# Todays Pickens



## Drm50 (Dec 26, 2014)

Went to Rienersville in the rain this AM. Rain quit before I got down there. I couldn’t believe it, never saw so many people there. Guns out the kazoo. Prices out of this world. I got in several deals. I went down with 4
and came home with 2 and folding money. Got a Walther 22 as boot on a deal and bought a little bird head 32rf off an old guy in crowd. I didn’t take long guns, didn’t want to carry them around in the mud.








Im not going back tomarrow. I had mud behind my ears. Those idiots shopping out of their 4x4s had it churned into soup. I saw a woman slip in mud and her feet went clear over her head. A 4w truck with Utility trailer full of junk was buried right to frame. The grand kicker on the way home down around Sarahsville, came around a turn and almost took a Amishmen in the Butt. Have you ever seen a horse & buggy pulling a boat trailer?


----------



## fastwater (Apr 1, 2014)

Seems today's entertainment was a lot more productive than the wares that were for sale.


----------



## Kenlow1 (Jul 14, 2012)

That is the craziest thing I have ever heard of Dan! Is that even legal?


----------



## c. j. stone (Sep 24, 2006)

Drm50 said:


> Went to Rienersville in the rain this AM. Rain quit before I got down there. I couldn’t believe it, never saw so many people there. Guns out the kazoo. Prices out of this world. I got in several deals. I went down with 4
> and came home with 2 and folding money. Got a Walther 22 as boot on a deal and bought a little bird head 32rf off an old guy in crowd. I didn’t take long guns, didn’t want to carry them around in the mud.
> View attachment 489150
> 
> Im not going back tomarrow. I had mud behind my ears. Those idiots shopping out of their 4x4s had it churned into soup. I saw a woman slip in mud and her feet went clear over her head. A 4w truck with Utility trailer full of junk was buried right to frame. The grand kicker on the way home down around Sarahsville, came around a turn and almost took a Amishmen in the Butt. Have you ever seen a horse & buggy pulling a boat trailer?


 Last question, Yes!


----------



## Drm50 (Dec 26, 2014)

Kenlow1 said:


> That is the craziest thing I have ever heard of Dan! Is that even legal?

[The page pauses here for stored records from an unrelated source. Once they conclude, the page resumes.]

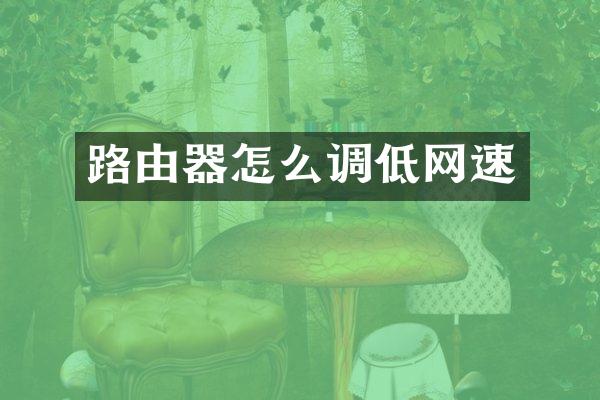 路由器怎么调低网速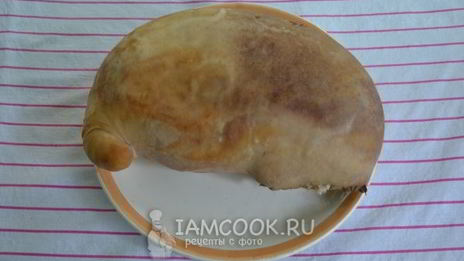 фаршированный свиной желудок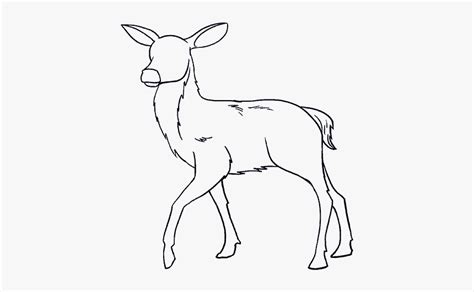 How To Draw A Deer In A Few Easy Steps Easy Drawing Deer Drawing Hd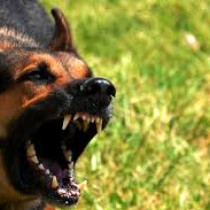 Домашно куче нахапа дете и две жени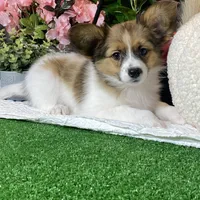 Ricky, a male Papillon for sale in Seneca Falls, NY – Photo 3 of 7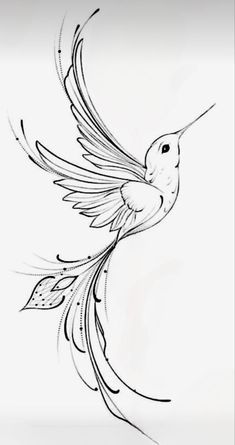 delicate hummingbird tattoo concepts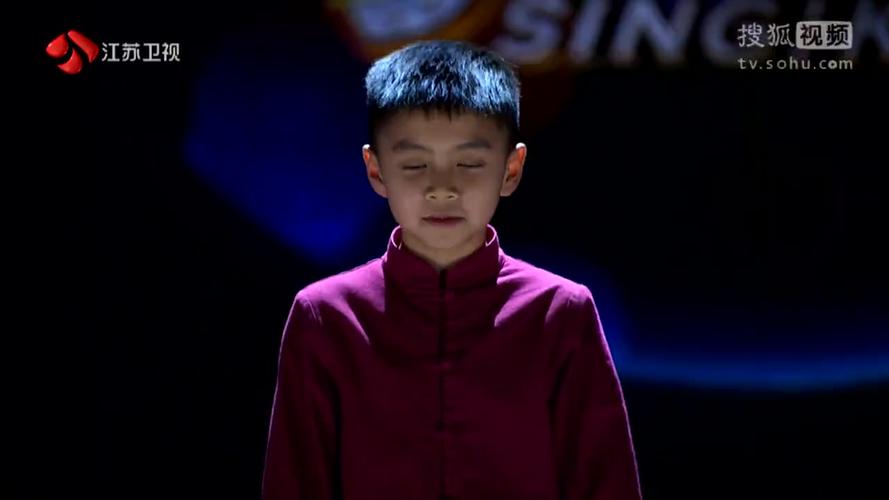 梨花颂王泓翔歌声的翅膀戳心的唱腔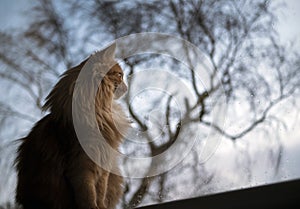 Ginger tom cat looking out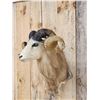 Image 4 : Texas Dall Cross Ram Sheep Shoulder Mount Taxidermy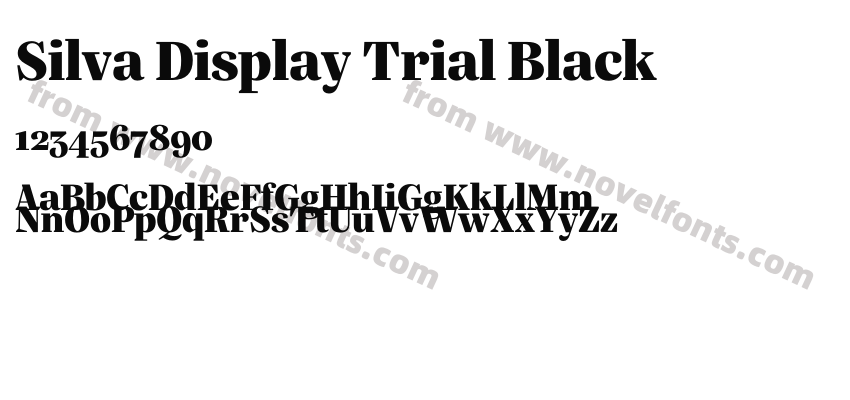 Silva Display Trial BlackPreview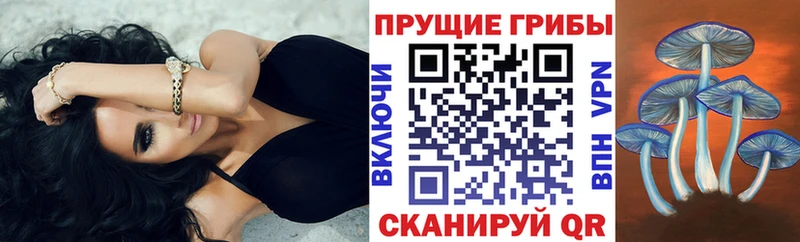 Псилоцибиновые грибы мицелий где купить наркоту мега маркетплейс Кадников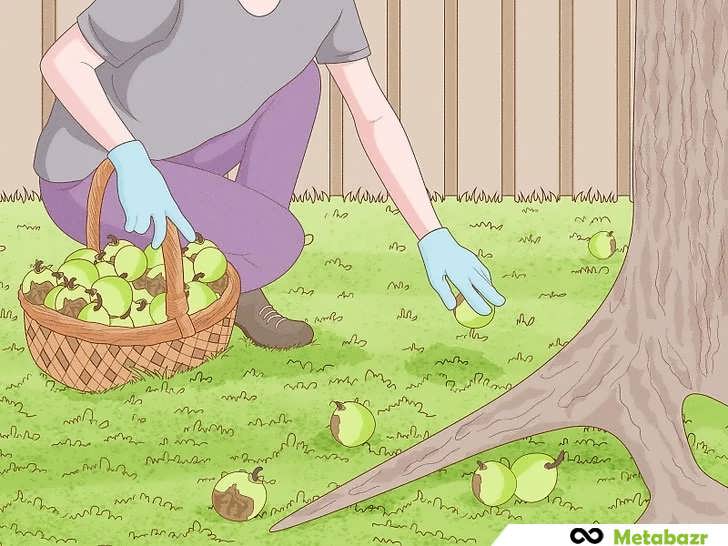 جمع آوری گردوهای افتاده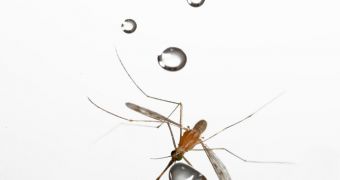 Mosquitoes are well equipped to resist flying through rain
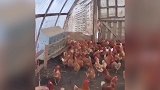 瘦小无助可怜！老鹰闯入鸡棚遭围殴  鹰：我是谁？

Amish get away with a lot of stuff. Law doesn’t want the hassle or optics of arresting them for minor infractions. People here don’t have much use for them. We got more than our share when Amish sold out up north and came down here and bought property in 80s when economy crashed in this area. 
They are the closest thing I can think of to locust. I’ve had a few run ins with them over logging and unpaid bills.


----------



## Muddy (May 7, 2017)

A plastic pistol in a DRM 50 post? What’s the world coming to?


----------



## Moo Juice (Jan 20, 2021)

Muddy said:


> A plastic pistol in a DRM 50 post? What’s the world coming to?

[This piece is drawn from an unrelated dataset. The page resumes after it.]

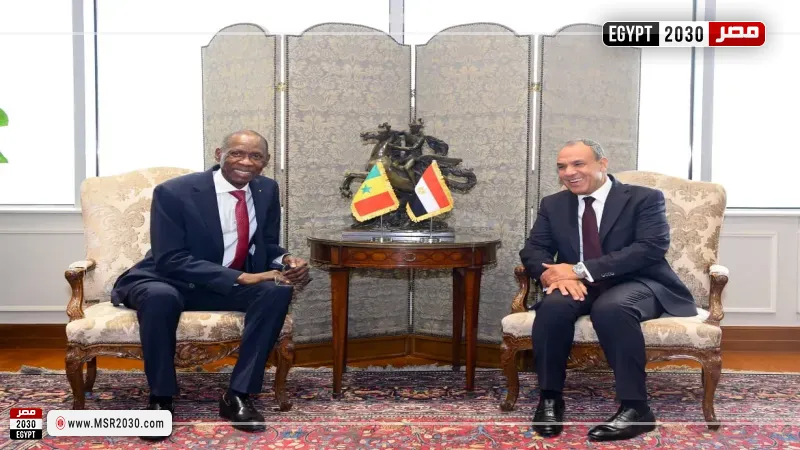 وزير الخارجية ونظيره السنغالي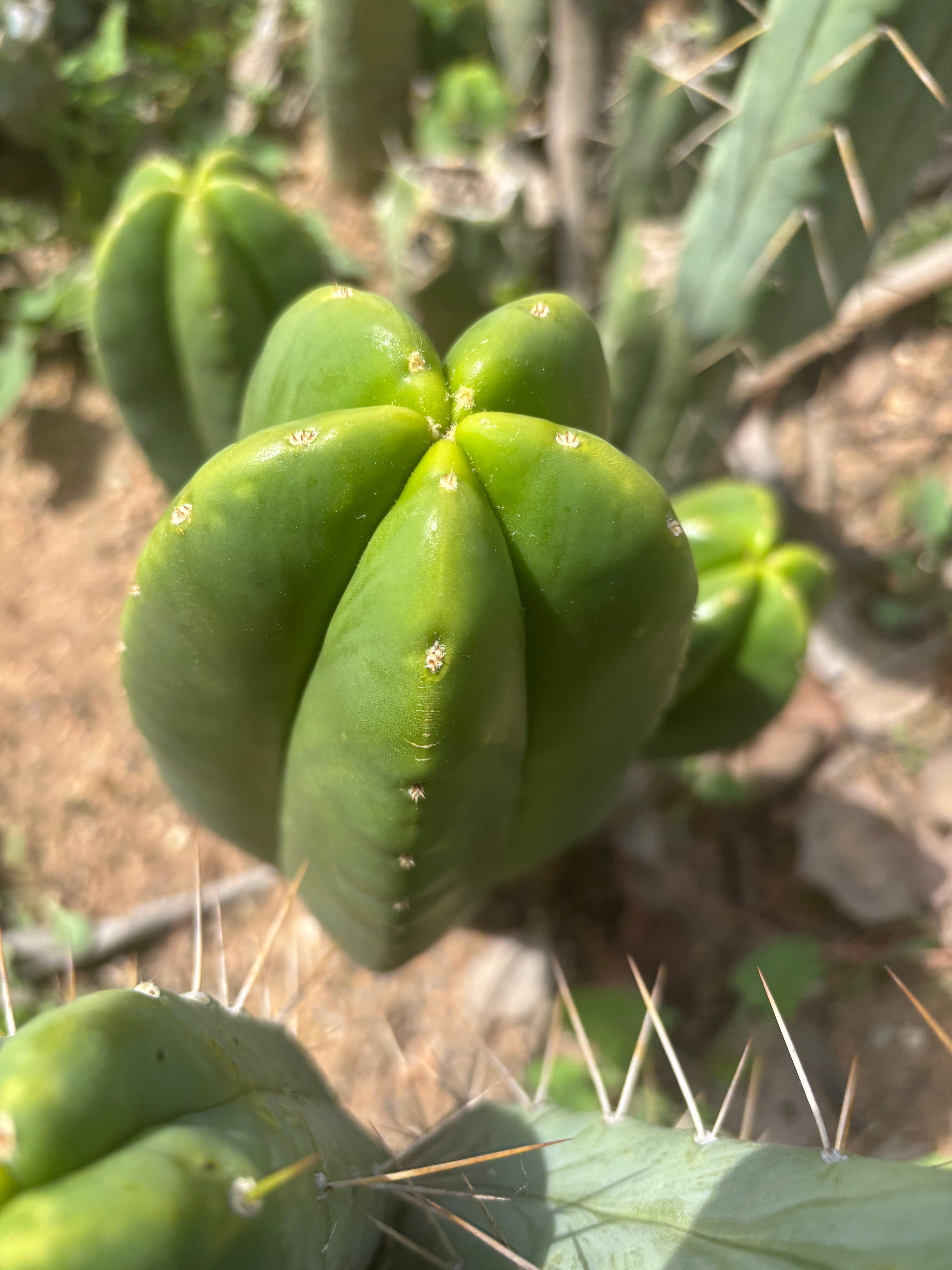 👑🌶️ Zulk Melon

Plus, he's talking about a plague of locust. The end is near my friends.


----------



## Drm50 (Dec 26, 2014)

I would have to say I’ve probably never done so bad anywhere to date. You can’t win them all. At least I’ll break even.


----------



## BIGDADDYDB (Jul 1, 2006)

Hit me up if you’re near c-town and want to sell that p-22


----------